31 ottobre 2012 15:16

Uri è morto a vent’anni, due settimane prima del suo ventunesimo compleanno. Ucciso da un missile nel giorno più sanguinoso dall’inizio della seconda guerra del Libano, nel 2006, un giorno prima del cessate il fuoco.

Un figlio, Uri, combatteva contro la morte in una guerra non scelta da lui. Qualche chilometro più al sud un padre, David, combatteva per la vita usando parole durissime contro il governo. Alla fine le parole hanno avuto la meglio e fu raggiunto un cessate il fuoco. Ma era troppo tardi per Uri, per David, per la famiglia Grossman e per altre 23 famiglie che in quel giorno persero l’unica creazione divina riservata all’uomo.

Pochi mesi dopo ho incontrato David Grossman a Cagliari, ospite in un festival di letteratura dedicato ai ragazzi.
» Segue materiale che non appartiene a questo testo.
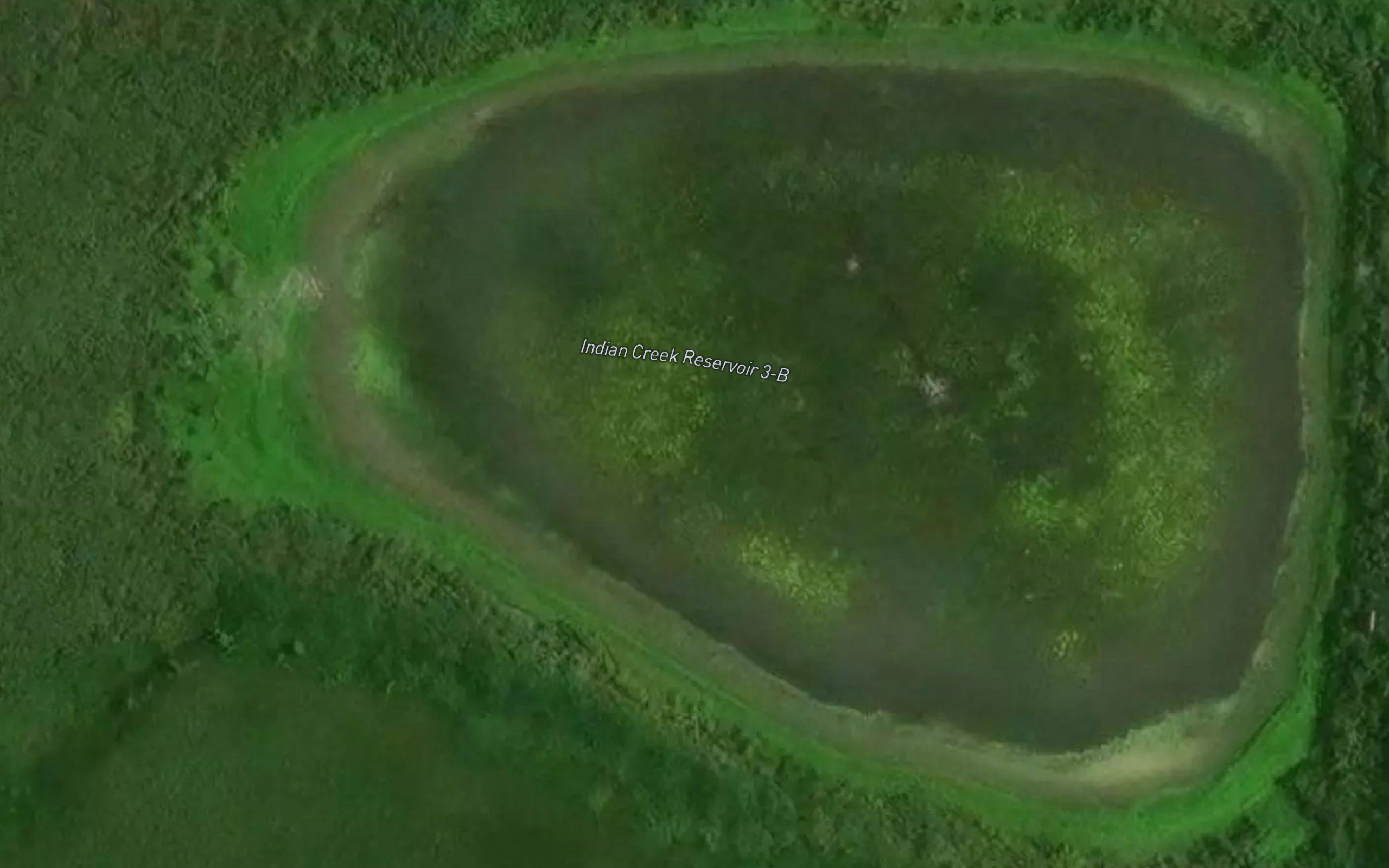 Indian Creek Reservoir 3-B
Con loro parlò solo di libri e non lasciò alcuno spazio al suo lutto personale, alla morte. Era una mattina di ottobre, tutto sembrava normale. Con la moglie Michal ho parlato di Roma, che conosceva bene e dove era diretta insieme alla famiglia, ospiti del presidente Giorgio Napolitano.

Consapevole della tendenza israeliana ad appropriarsi dei figli, delle gioie e dei dolori altrui, ho selezionato le parole con attenzione, senza cadere nei silenzi, a tratti preoccupata. Grossman mi disse che stava lavorando a un progetto letterario molto impegnativo, scusandosi di non avere il tempo da dedicare ad altro. Si trattava di

A un cerbiatto somiglia il mio amore, uscito due anni dopo, nel 2008.
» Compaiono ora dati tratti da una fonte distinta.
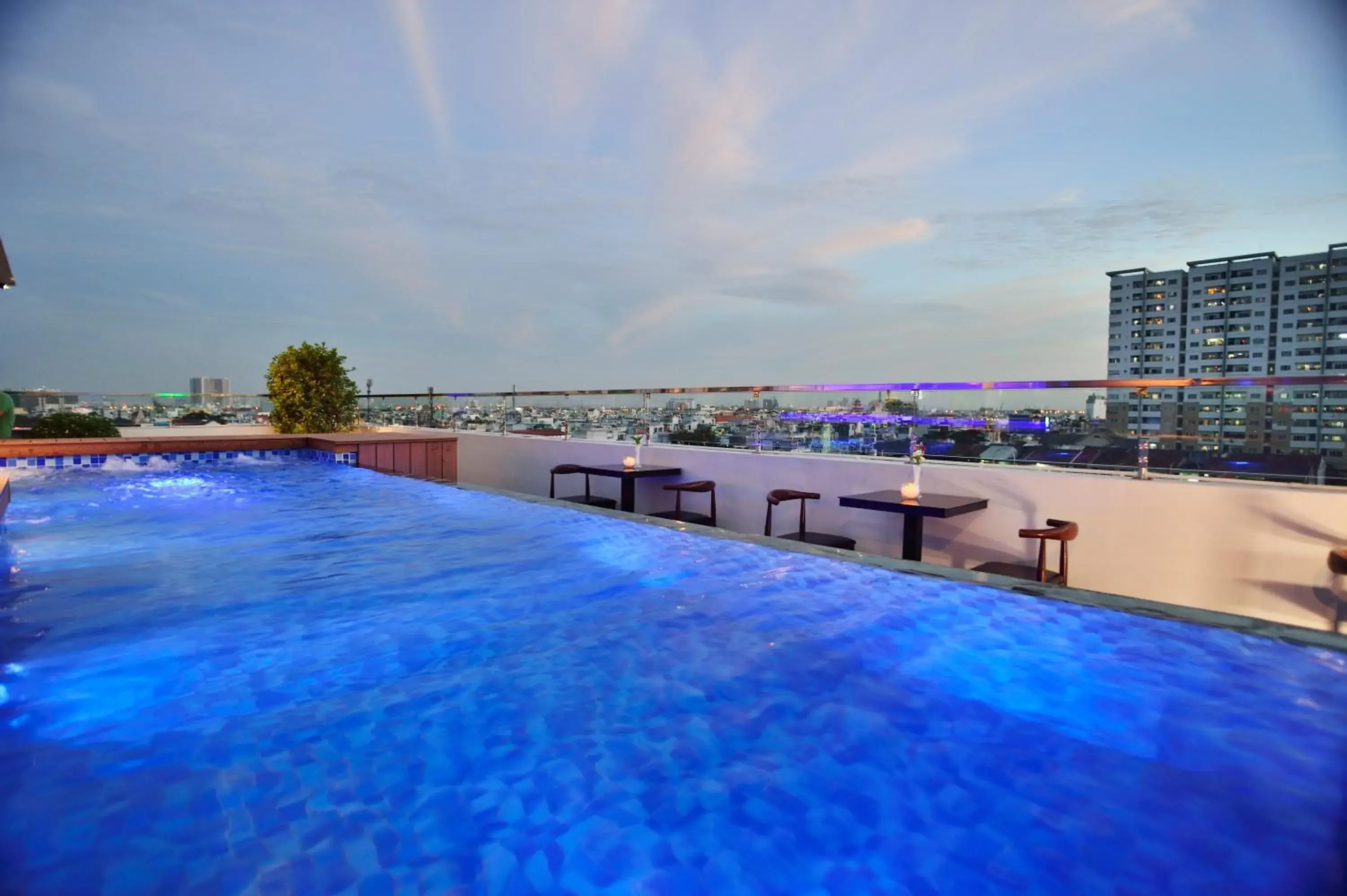 Swimming Pool in Aiden Saigon Hotel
Se in A un cerbiatto somiglia il mio amore (il cui titolo in ebraico è “Una donna fugge dalla notizia”), libro pieno di ombre, timori e silenzi, la cui stesura è durata quasi cinque anni, la madre protagonista rifugge dalla notizia della perdita di suo figlio, in Caduto fuori dal tempo la fuga viene sostituita da un cammino eroico, coinvolgente e inarrestabile attraverso il lutto, verso l’amore e la vita.

Una sera un uomo si alza improvvisamente da tavola durante la cena, si separa dalla moglie dopo aver taciuto per cinque anni di “quella sera” e si avvia “laggiù”, alla ricerca del figlio morto, del suo odore, anche di un suo singolo respiro.

Questo cammino circolare, mai diretto, travolge man mano una città intera fatta di madri e padri che da contenitori di vita si trasformano in corpi senz’anima. Una riparatrice di reti. Un ciabattino silenzioso che in bocca tiene ancora dieci chiodi per le dieci piccole dita di sua figlia che usava baciare. Un anziano insegnante che risolve problemi di matematica sui muri delle case. Un duca fuggito dal suo palazzo. Un uomo che annota le tragedie altrui.

Ciascuno ha una propria storia, ciascuno ha perso il dono più prezioso della vita. Un insieme di genitori in lutto alla ricerca delle parole giuste, in bilico tra illusioni e realtà, raccontati da uno scrittore metà uomo metà scrivania, paralizzato di fronte alla sua incapacità di ricreare nuovamente il figlio attraverso le parole. In uno stoico tentativo di trovare nuove parole, nasce una poesia moderata, frammentata e combattiva contro parole svanite di fronte al dolore.

Sono le voci dei padri e i silenzi delle madri, le uniche in grado di contenere vita e morte altrui.

Grossman ritiene di sentirsi fortunato per aver saputo trovare le parole in grado di esprimere il dolore, visto che gli scrittori non possono permettersi di restare senza parole. Per creare vita e dare forma alla propria storia con le sue parole, non con quelle altrui.